Emile Haddad—Seattle Coffee Critic
To Emile Haddad, Seattle coffee is just plain bland.
For student Emile Haddad, Seattle might be a great city for culture (theater is wonderful; the night life is exciting; seeing fishmongers fling their catches at Pike Place is always a thrill), but the most famous regional delicacy is extremely overrated!
What’s deal with American—or more specifically—Seattle coffee?
Seattle is home to innumerable famous coffee roasters; historically, Seattle has been the coffee culture epicenter for the U.S. west coast. Starbucks was born there—as we’ve all been reminded ad nauseam for the past several decades. But once you’ve tasted the supple, round, and heady flavors of Italy’s caffè, the watery brews found in your local coffee house will seem…well, watery.
So, where does one get real coffee? Well, Italy is an excellent place to start.
Italy has a rich history of coffee connoisseurship. For centuries, baristas have taken immense pride in producing the perfect grind; maintaining the perfect water temperature; steeping for the exact appropriate time. In fact—American-style espresso and cappuccino is generally viewed with complete disgust by Italian coffee aficionados. They view our coffee as swaying absurdly between unpalatably bitter (probably due to misuse of the espresso machine), and cloyingly, artificially sweet (toffee nut; pumpkin spice; and flan being the most hideous)

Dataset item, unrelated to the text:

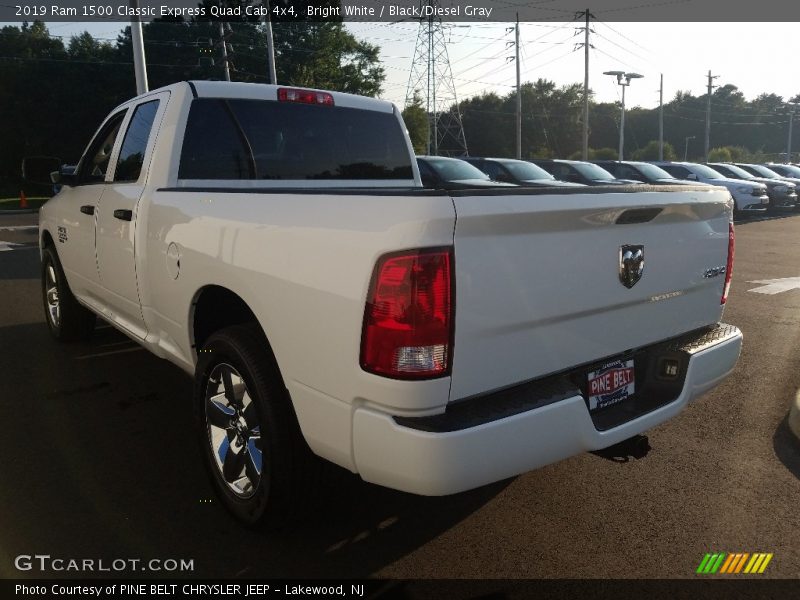 Bright White / Black/Diesel Gray 2019 Ram 1500 Classic Express Quad Cab 4x4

One of the gravest sins, however, is the appropriation of the term “barista” to indicate basically anyone working behind the counter at a nationally franchised coffee house. The Barista isn’t just someone who pours coffee—it’s a professional with decades of experience in the art and science of coffee-making. That is something you just can’t find in the U.S.
Not even in, according to Emile Haddad, Seattle.